Neither the soloists nor unique dancers in the duets had program listing. When musicians have a special solo they are always noted.

In my choreographic training, we learned that there should be variations in style, gesture and certainly dynamic correspondence to the chosen music. Choreographer Alonzo King, though well reputed in the San Francisco dance community, did not seem to find those values in Ma Mére. The audiences was pleased with the dancers energy and skill and gave the dance and music tremendous, well deserved applause.

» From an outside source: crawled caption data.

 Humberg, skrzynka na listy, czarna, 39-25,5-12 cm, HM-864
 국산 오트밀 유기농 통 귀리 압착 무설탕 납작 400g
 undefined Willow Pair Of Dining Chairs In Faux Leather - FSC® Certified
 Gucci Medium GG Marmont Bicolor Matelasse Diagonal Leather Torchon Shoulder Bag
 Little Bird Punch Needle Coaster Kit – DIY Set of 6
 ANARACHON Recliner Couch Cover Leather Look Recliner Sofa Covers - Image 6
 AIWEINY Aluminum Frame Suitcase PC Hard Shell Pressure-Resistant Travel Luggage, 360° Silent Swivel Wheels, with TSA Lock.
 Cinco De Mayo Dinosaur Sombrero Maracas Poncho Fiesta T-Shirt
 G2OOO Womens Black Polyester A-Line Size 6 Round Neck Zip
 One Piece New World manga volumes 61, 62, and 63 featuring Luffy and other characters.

The notes to composer Arnold Schoenberg piece “Erwartung (Expectation), Opus 17 (1909), tells us that “the Unnamed Woman and the “expectancy” that pervades the work is the intense dread that The Women feels in the face of something that is never quite spelled out.” (Program notes by Jenny Judge.) Yet, in Sellars staging for the brilliant soprano Mary Elizabeth Williams, a stage ‘corpse’ is with her. Willams provides many gestures of love, dismissal, longing and relief. It is Sellars who has made these decisions for the singer, who is an excellent artist in voice and acting. This reviewer would have preferred to hear the singer without the dramatic activity. Brilliant as a vocalist, she did not always accomplish the stage action with ease or dramatic clarity.

It was drama enough to pay close attention to Salon’s superb conducting of the score. This production of “Erwartung” was a first San Francisco Symphony performance. The orchestra is very large and varied in the demands of its sections. It was dramatic to watch each section fulfill its part in this amazing, complex score. Bravo to all!

Conductor Salonen and the Symphony producers are to be highly complimented for the challenge of bringing dance and drama to the stage. Although artists of all dimensions have the right to produce events as created in their imaginations, it is important (to this reviewer) that coordination in style and intention be respected.